Simple random wire antenna for 1 Mhz

Discussion in 'Wireless & RF Design' started by Synaps3, Aug 18, 2013.

  1. Synaps3

    Thread Starter Active Member

    Jun 5, 2013
    I am just getting into radio, so bear with me. This is a very simple question about antennas. I have an AM 1 Mhz transmitter that I built. The antenna I am using is just a random wire antenna end fed. The wire is 18 gauge speaker wire that I have cut to what I thought was the right length for 1/4 wave operation (246 feet). Another antenna length site I looked at told me it should be 234 feet, so I am a bit confused. My problem is that it seems like the antenna has way too much reflectance because when I turn on my transmitter anywhere above half power, it starts to have feedback. The amperage draw of the transmitter begins to bounce up and down and then it stops working. I'm afraid it's going to damage it. I need a way to make the antenna less reflective (I think that's the problem). I have read about loading coils, but I thought they are only necessary for tuning an antenna that is not the right length. I always thought if the antenna is the right length it isn't necessary to have a loading coil. How close to the right length does the antenna have to be? Is a few feet ok or do a few inches make a big difference. Any help?

  2. t_n_k

    AAC Fanatic!

    Mar 6, 2009
    You may be violating RF transmission regulations. Careful you don't end up in trouble with the authorities.
  3. Papabravo


    Feb 24, 2006
    The wavelength of a 1 MHz. signal is 300 Meters. One forth of that would be 75 Meters, or 246 feet. You have two real problems. The first is that an end fed wire less than 246 feet above the ground may or may not actually radiate a signal. The second is that whatever length you use, the bandwidth will be incredibly narrow like 10-20 kHz.

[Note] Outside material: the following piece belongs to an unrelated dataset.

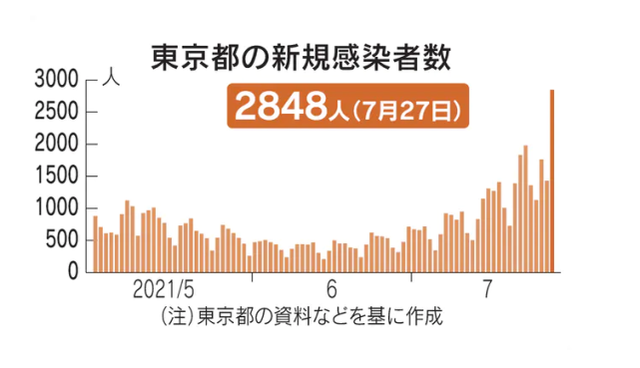 打破纪录！27日东京新增新冠感染病例2848例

    Your power level had better be on the order of milliwatts or you will be receiving a visit from some nasty Men in Black.
  4. MrChips


    Oct 2, 2009
    246 feet is the length for one-quarter of the wavelength. Then you have to take into account the "end effect" of an antenna. The "end effect" makes the antenna appear to be longer.

    234 feet is the suggested length for a 1/4 wavelength centre-fed dipole, taking "end effect" into consideration.

    For an end-fed antenna, you want the length to be 1/2 the wave length. You need to double your length.